__Your assignment__
Exactly and only the lines from the one containing "Mini Smerigliatrice A" through the close of the entries below are to be set down.

(Dataset items)
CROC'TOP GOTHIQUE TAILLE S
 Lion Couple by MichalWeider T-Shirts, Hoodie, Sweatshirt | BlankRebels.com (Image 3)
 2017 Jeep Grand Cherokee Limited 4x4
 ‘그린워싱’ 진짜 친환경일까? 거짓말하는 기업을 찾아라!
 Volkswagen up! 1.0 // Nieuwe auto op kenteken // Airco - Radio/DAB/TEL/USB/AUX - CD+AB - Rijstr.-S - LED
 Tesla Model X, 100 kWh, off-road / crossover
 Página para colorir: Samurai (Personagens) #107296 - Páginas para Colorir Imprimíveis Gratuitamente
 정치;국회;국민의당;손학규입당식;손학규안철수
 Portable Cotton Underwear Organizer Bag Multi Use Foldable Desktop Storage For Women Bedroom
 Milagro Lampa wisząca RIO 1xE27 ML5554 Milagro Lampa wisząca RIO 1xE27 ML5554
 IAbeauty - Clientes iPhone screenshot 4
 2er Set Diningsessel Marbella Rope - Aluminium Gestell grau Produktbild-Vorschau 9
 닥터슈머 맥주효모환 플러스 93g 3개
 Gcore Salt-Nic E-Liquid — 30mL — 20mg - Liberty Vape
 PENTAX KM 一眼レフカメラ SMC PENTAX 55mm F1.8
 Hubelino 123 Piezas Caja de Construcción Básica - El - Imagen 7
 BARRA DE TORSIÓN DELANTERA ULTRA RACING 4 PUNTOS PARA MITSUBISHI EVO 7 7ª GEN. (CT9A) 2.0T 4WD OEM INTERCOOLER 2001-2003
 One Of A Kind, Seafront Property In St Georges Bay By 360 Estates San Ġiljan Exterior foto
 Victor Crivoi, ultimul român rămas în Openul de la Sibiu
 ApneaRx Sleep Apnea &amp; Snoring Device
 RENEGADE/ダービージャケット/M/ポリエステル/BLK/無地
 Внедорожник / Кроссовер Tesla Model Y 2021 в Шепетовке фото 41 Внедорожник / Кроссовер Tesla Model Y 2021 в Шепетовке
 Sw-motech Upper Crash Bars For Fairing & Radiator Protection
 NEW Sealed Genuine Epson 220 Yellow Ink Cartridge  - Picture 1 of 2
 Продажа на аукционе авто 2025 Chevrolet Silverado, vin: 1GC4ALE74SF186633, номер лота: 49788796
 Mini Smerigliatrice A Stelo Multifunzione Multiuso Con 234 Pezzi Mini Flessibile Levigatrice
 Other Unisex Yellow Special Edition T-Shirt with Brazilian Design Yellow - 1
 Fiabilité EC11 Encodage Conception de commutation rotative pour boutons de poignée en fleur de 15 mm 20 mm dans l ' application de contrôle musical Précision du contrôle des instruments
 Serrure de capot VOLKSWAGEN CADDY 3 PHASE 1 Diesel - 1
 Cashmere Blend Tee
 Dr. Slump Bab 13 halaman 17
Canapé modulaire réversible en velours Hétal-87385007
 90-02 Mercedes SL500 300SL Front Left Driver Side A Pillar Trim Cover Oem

__Response__
 Mini Smerigliatrice A Stelo Multifunzione Multiuso Con 234 Pezzi Mini Flessibile Levigatrice
 Other Unisex Yellow Special Edition T-Shirt with Brazilian Design Yellow - 1
 Fiabilité EC11 Encodage Conception de commutation rotative pour boutons de poignée en fleur de 15 mm 20 mm dans l ' application de contrôle musical Précision du contrôle des instruments
 Serrure de capot VOLKSWAGEN CADDY 3 PHASE 1 Diesel - 1
 Cashmere Blend Tee
 Dr. Slump Bab 13 halaman 17
Canapé modulaire réversible en velours Hétal-87385007
 90-02 Mercedes SL500 300SL Front Left Driver Side A Pillar Trim Cover Oem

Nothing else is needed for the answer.